A preferred embodiment of the fuse switch according to the invention will be described below with reference to the drawing in order to explain further features. In the drawing:

FIG. 1 shows a schematic plan view of the fuse switch according to the invention, one housing half being removed, and the fuse holder being shown in that first operating state in which the fuse element can be inserted,

FIG. 2 shows an illustration corresponding to FIG. 1 in which the fuse holder is moved into the operating position,

FIG. 3 shows a perspective view of an encoding element,

FIG. 4 shows a side view of the encoding element shown in FIG. 3, and

FIGS. 5 a, 5 b, 5 c show a side view, a front view and a plan view of the fuse holder, and

FIG. 6 shows a view corresponding to FIG. 1 with the fuse inserted the wrong way round.

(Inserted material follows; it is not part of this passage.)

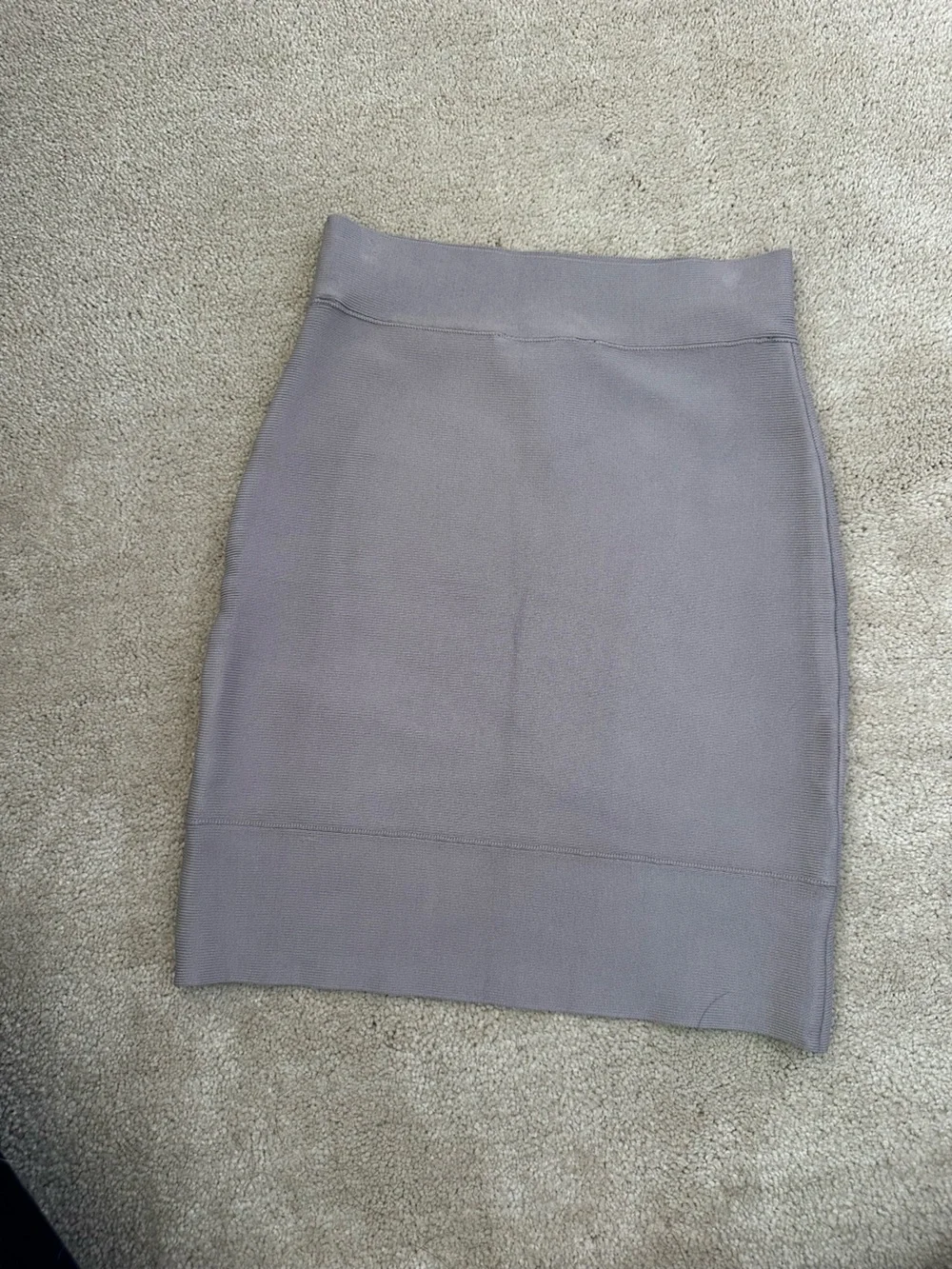 BCBGMaxAzria Cinder color Power Skirt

FIG. 1 shows a schematic illustration of the fuse holder according to the invention, in which, for improved illustration, the contact elements of the fuse switch are not shown, and the fuse holder 2 is illustrated in a position in which, generally, a fuse element 9 is inserted or removed. According to FIG. 1, the fuse switch comprises a housing 1, of which only the housing half 1 a being below the fuse holder 2 is shown in FIG. 1. The fuse holder 2 has a rotation axis 3, which is formed in the embodiment illustrated by an opening 4 being formed on the housing side, a cylindrical flange, which protrudes laterally from the fuse holder 2 and whose outer diameter corresponds to the inner diameter of the opening 4, engaging in said opening 4. The fuse holder 2 has a grip section 6 a, by means of which the fuse holder 2 in FIG. 1 can be pivoted in the clockwise direction into the operating position of the fuse switch.

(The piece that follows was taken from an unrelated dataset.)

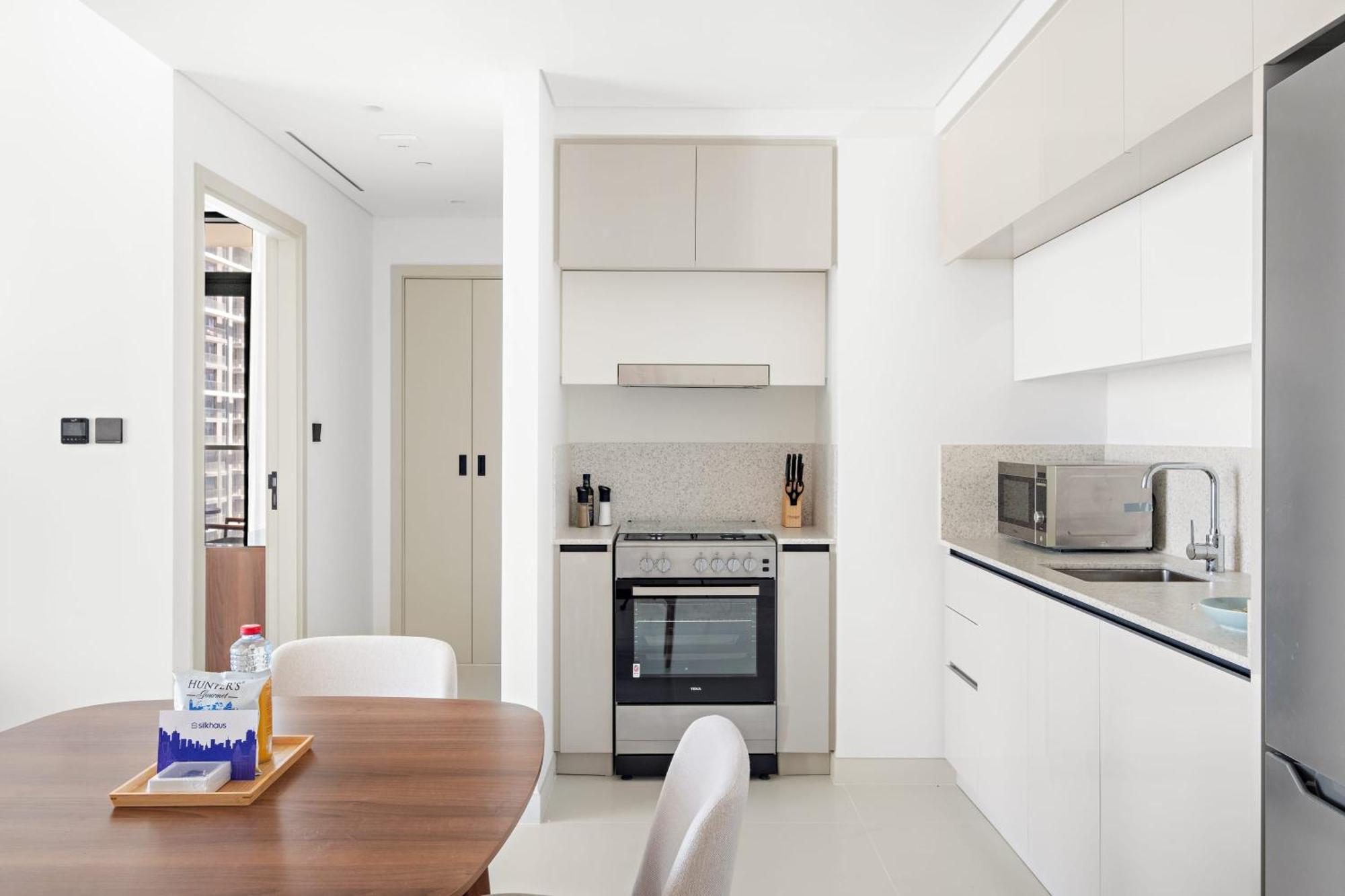 Appartement Silkhaus Vibes In Tower With Private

The fuse holder 2 is furthermore provided with a receptacle 8, in which a fuse element 9 can be inserted. The receptacle 8 can be formed by lateral connecting webs 10 and a guide web 12 which is injection-molded onto the connecting webs 10. The guide web 12 acts as a bearing face for the fuse element 9. The other bearing face is indicated by the reference numeral 14 and is formed directly on the fuse holder 2 approximately parallel to the guide web 12. A spacing is maintained between the bearing face 14 and the guide web 12, which makes it possible to insert the fuse element 9, for example a cylindrical fuse. As can be seen in FIG. 1 and FIG. 2, the cylindrical fuse element 9 has a main body 9 a, from which a pin 9 b protrudes on one side. The pin 9 b has a smaller diameter than the main body 9 a.

In this embodiment, the webs 10 define an annular cross section for receiving the cylindrical fuse element. The outer cross section, which is determined by the webs 10 and 12, is smaller than the clear spacing between the arms 23 a, 23 b, 24 a, 24 b of a sensing or encoding element 15 yet to be described.

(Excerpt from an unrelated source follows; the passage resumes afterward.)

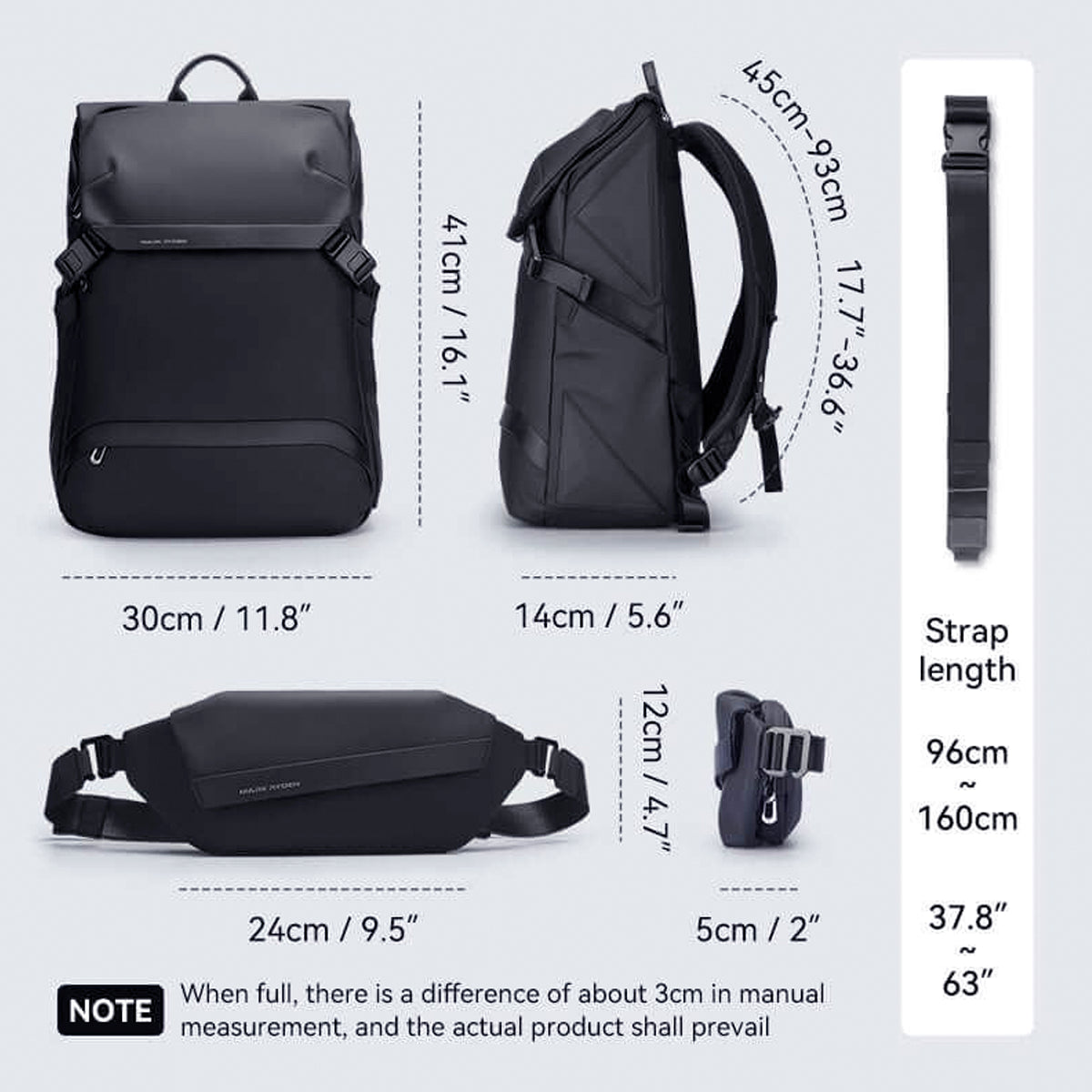 Herren Rucksack MR2859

In FIG. 1, the fuse element 9 is inserted in the correct position in the fuse holder 2, i.e. the pin 9 b points in the direction of an encoding element 15. At the end of the fuse holder 2 which points upwards in FIG. 1, preferably a hook section 16 is formed which serves the purpose of preventing the fuse element 9 from unintentionally being moved out of the fuse holder 2 once it has been correctly inserted in the fuse holder 2. Consequently, the hook section 16 slightly overlaps the rear end of the fuse element 9 in the position shown in FIG. 1.

As can be gathered from the above description, the longitudinal axis of the fuse holder 2, which corresponds to the axis of the inserted fuse element 9, is displaced over a predetermined distance with respect to the rotation axis 3. Furthermore, in the embodiment illustrated, the fuse element 9 when inserted correctly is not central with respect to the rotation axis 3, as a result of which, when there is a pivoting movement of the fuse holder 2, said fuse holder 2 need not carry out a precise rotary movement from the position shown in FIG. 1 into the position shown in FIG. 2.

When the fuse element 9 is inserted correctly, it sits in the fuse holder 2 such that the pin 9 b either bears directly or has only a very small spacing from an arm 15 a of the encoding element 15. The spacing between the pin 9 b and the main body 9 a of the fuse element 9 or the end edge of the main body 9 a is sufficient in the event of the fuse holder 2 being pivoted in the clockwise direction to gradually spread the arm(s) 15 a by means of guide faces 32, which are formed such that they extend conically at the free end of the guide web 12, in order to ensure the passage of the fuse element 9 together with the entire receptacle 8 for the fuse element 9 through the encoding element 15. The arms 15 a, 15 b thus act as a blocking element.

On the other hand, when the fuse element 9 is inserted the wrong way round, i.e. in the opposite direction to that shown in FIG. 1, the end edge 9 d, in this case pointing towards the encoding element 15, stops against the arm or the arms 15 a, 15 a′, as a result of which the fuse holder 2 is prevented from rotating further and, in particular, the pairs of arms 15 a, 15 a′ are also prevented from being spread apart, as is shown in FIG. 6.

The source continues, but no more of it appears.